# NEF and H&R Pins For Sale



## pawnansell (Feb 4, 2013)

I have had some Pins Made for the NEF and H&R blank pistol they work great. I am selling them for 16.00 each with 4.00 S&H 
I have 20 made so far and more will come. 

paypal address to send payment to is [email protected] 

My address is 
Gary Ansell 
1023 Tulls Creek Rd 
Moyock, NC 27958 
cell if any questions please call 
7577243139 
email: [email protected] 
thanks Gary Ansell


----------



## pawnansell (Feb 4, 2013)

when he sent them back he filed them down so much he destroyed them. but all in good faith i sent him 2 new sets like we discussed. I never heard back form him. so what was that i sent him 4 sets. some times you cant help someone. so let me think about this . I send you 2 sets you destroy them and send them back I send you 2 new sets i don't hear back from you. and now you slam me? we people just consider the source, I have sold over 500 sets and only had 4 guns it did not work in. HUM!!! I am going to take my 30,000 miles tires back and get my full money back or better yet i'll just get them to give me new ones after i cut the tread off. Yea!
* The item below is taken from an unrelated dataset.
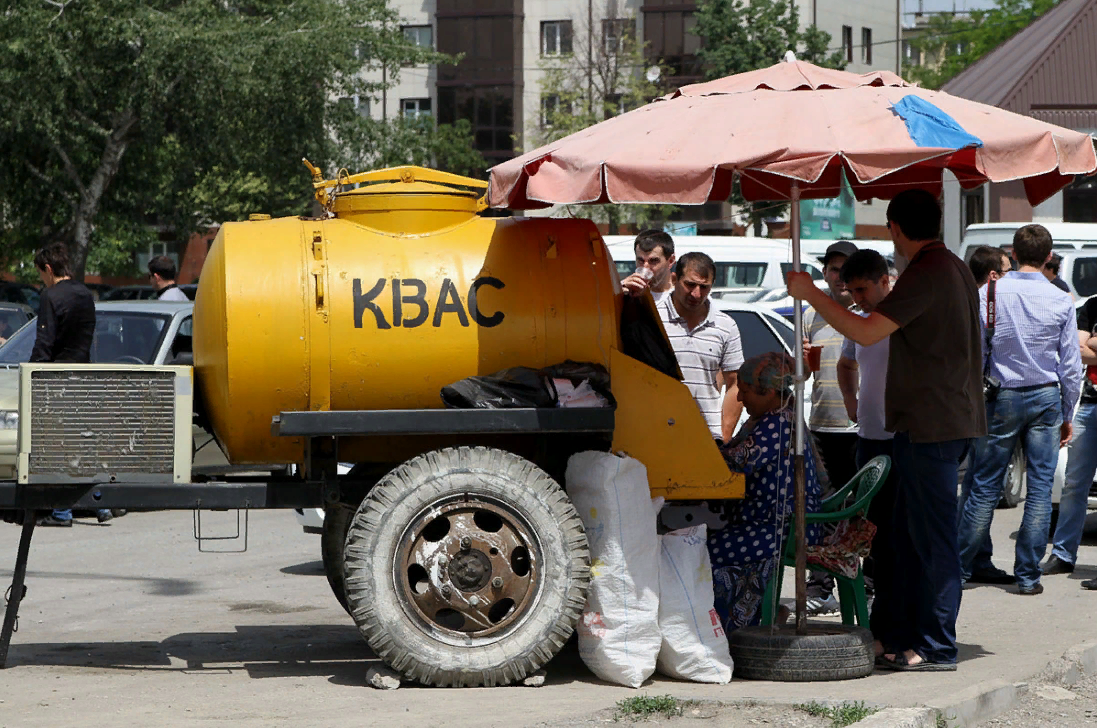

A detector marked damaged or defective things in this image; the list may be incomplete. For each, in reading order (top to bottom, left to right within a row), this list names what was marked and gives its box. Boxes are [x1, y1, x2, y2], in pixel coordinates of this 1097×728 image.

rusty wheel rim [397, 495, 546, 644]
Dude Drink another cup of Coffee.


----------



## huntinman (Jun 1, 2009)

I don't have a dawg in this fight. I do note, however that the OP is willing to post his real name, address, phone number and email... Mr. Gun Dawg, you have done none of that... But you have dropped a third party's name. Don't know either of you, but maybe it should be a level playing field?


----------



## 43x (Mar 29, 2009)

I bought a set of inserts from him, worked ok in my gun


----------



## pawnansell (Feb 4, 2013)

Well he has gone! HUM!!! Well any way 43X yep and saves you tons of money. 
like i said I have the pins for the Blank guns now. They are not made any more. I started making them because i had a lot of people asking me to get them made. so I did little pricey but if that what it takes I did it. So don't loose your which is easy to do. Thanks Gary Ansell

Also i am in the process of making a 209 cylinder that fits the NEF and H&R. it will be a six shot also. it will be made out of air craft Alum . A friend has a 7 cut CNC machine and he builds gun parts. I am waiting on what the cost will be. So stay tuned.
Gary


----------



## WindyCreek (Jan 3, 2007)

Gary, Sent you PayPal payment for a NEF pin last Sunday, sent emails and PM to confirm you have received payment, PayPal said payment was received but so far no communication with you. Could you give me an update?


----------



## WindyCreek (Jan 3, 2007)

Gary, Pin was received today and functions perfectly in my NEF pistol. Thanks, Randy


----------



## Gary Wayne Abbott I (Dec 21, 2003)

pawnansell said:


> Well he has gone! HUM!!! Well any way 43X yep and saves you tons of money.
> like i said I have the pins for the Blank guns now. They are not made any more. I started making them because i had a lot of people asking me to get them made. so I did little pricey but if that what it takes I did it. So don't loose your which is easy to do. Thanks Gary Ansell
> 
> Also i am in the process of making a 209 cylinder that fits the NEF and H&R. it will be a six shot also. it will be made out of air craft Alum . A friend has a 7 cut CNC machine and he builds gun parts. I am waiting on what the cost will be. So stay tuned.
> Gary



I am in need of a NEF cylinder for a .22 is there any chance of getting one through you?

Thank you


----------



## pawnansell (Feb 4, 2013)

no the cost would be toooooo much for the amount sold

all the cnc machines at the shop i was to use is tied up for years so i have to find another shop on the hunt again


----------